An AMP is a financial penalty for non-compliance that provides an incentive to the violator to return to compliance and deter future non-compliance.  Administrative penalties are used across the Government of Ontario in regulated program areas such as forestry, consumer protection, energy, and waste diversion.

Deficiency in the Existing AMPs

AMPs are regularly used in other jurisdictions, particularly Canada and the United States, to support the enforcement of environmental laws (e.g. British Columbia, Alberta, Canada, Quebec, Ohio, Vermont and Minnesota).

AMPs, as a compliance and enforcement tool (i.e. environmental penalties), are currently available to the Ontario Environment Ministry for some land, water and air violations, but are limited in scope. This gap leaves many program areas with limited enforcement tools and affects the ministry’s ability to effectively hold polluters accountable.  In addition, some of the acts proposed to be amended that are enforced by the Ontario Environment Ministry do not have the enabling authority to issue administrative monetary penalties (e.g. Safe Drinking Water ActPesticides Act), while others are out of step with best practice (e.g. Nutrient Management Act, 2002).
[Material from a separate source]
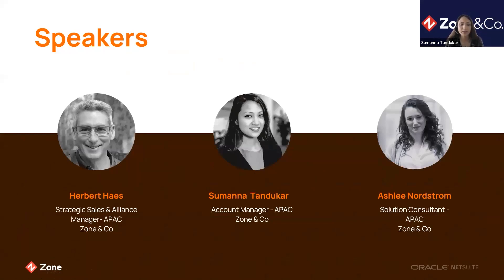Hi everyone, this is Sumana and I work as an account manager for APAC customers. I maintain and build relationships with our existing customers and make sure they're happy with our suite app. I'm Ashley Nordstrom, the solution consultant for our region — I deliver the product demonstrations. Hi guys, my name is Herbert Hayes, I'm the APAC Sales and Alliance Manager. I look after our relationships with our partners and also work directly with our clients.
Jeff Yurek, Ontario Environment Minister

Proposed Amendments

The are proposed legislative amendments expand and/or clarify enabling authority to issue administrative monetary penalties for environmental violations under key environmental statutes, including:

  • Nutrient Management Act, 2002
  • Ontario Water Resources Act
  • Pesticides Act
  • Safe Drinking Water Act, 2002

The proposed amendments would enable administrative monetary penalties to be issued for a broad range of environmental violations under the acts mentioned above. To take effect, violations that may be subject to an administrative monetary penalty would be prescribed in regulation.
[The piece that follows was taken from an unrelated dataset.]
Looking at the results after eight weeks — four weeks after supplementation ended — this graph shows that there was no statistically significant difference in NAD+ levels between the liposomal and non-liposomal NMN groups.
The proposal, along with recent amendments to the Environmental Protection Act, would replace existing monetary penalties (i.e. environmental penalties) under the Environmental Protection Act and Ontario Water Resources Act.

Key provisions under the proposed administrative monetary penalty approach are set out under each act and include:

  • set maximum penalty amounts or higher if the economic benefit achieved via the violation was higher (penalty amounts would be set by a regulation). The maximum penalty amounts set in the acts are as follows:
    1. Ontario Water Resources Act – $200,000 per contravention (same as the Environmental Protection Act)
    2. Pesticides Act – $100,000 per contravention
    3. Safe Drinking Water Act, 2002 – $100,000 per contravention
    4. Nutrient Management Act, 2002 – $10,000 per contravention
  • ability to review and/or appeal the administrative penalty
  • an annual report listing the administrative penalties issued in the last calendar year
  • provisions to enable the implementation of administrative monetary penalties in regulation (e.g. how to set administrative monetary penalty amounts, who they can apply to, and how violators can seek reductions in penalty amounts for taking action to prevent or mitigate the contravention

The government argues that the broader use of AMPs would help it take strong action against illegal activity, ensure that polluters are accountable for their actions, and deal with environmental violations that do occur, more efficiently and appropriately.  Prosecution would continue to be used as an enforcement tool but may be limited to serious violations.

If passed, these proposed legislative amendments would allow for future regulations to implement administrative monetary penalties to more violations, such as, but not limited to:

  • illegal sewage discharges into waterways
  • selling pesticides without a license
  • failing to have a certified drinking water operator
  • violating terms of a permit to take water

Criticism of the Proposal

Environmental activists decried the proposal and charged that it will result in lightened consequences for polluters.  Keith Brooks, spokesperson for Environmental Defence, stated in press release, “It is highly deceptive of the Ontario government to claim that it is doing more to hold polluters accountable, when they are actually cutting the penalties polluters face.”

The environment critic from the Ontario New Democratic Party, Ian Arthur, an MPP for Kingston and the Islands, stated: “The Ford government has proposed eliminating an existing $100,000-per-day penalty for environmental polluters and replacing it with a one-off fine of $10,000. Further, the government is pushing to cap environmental fines at an overall maximum of $200,000.”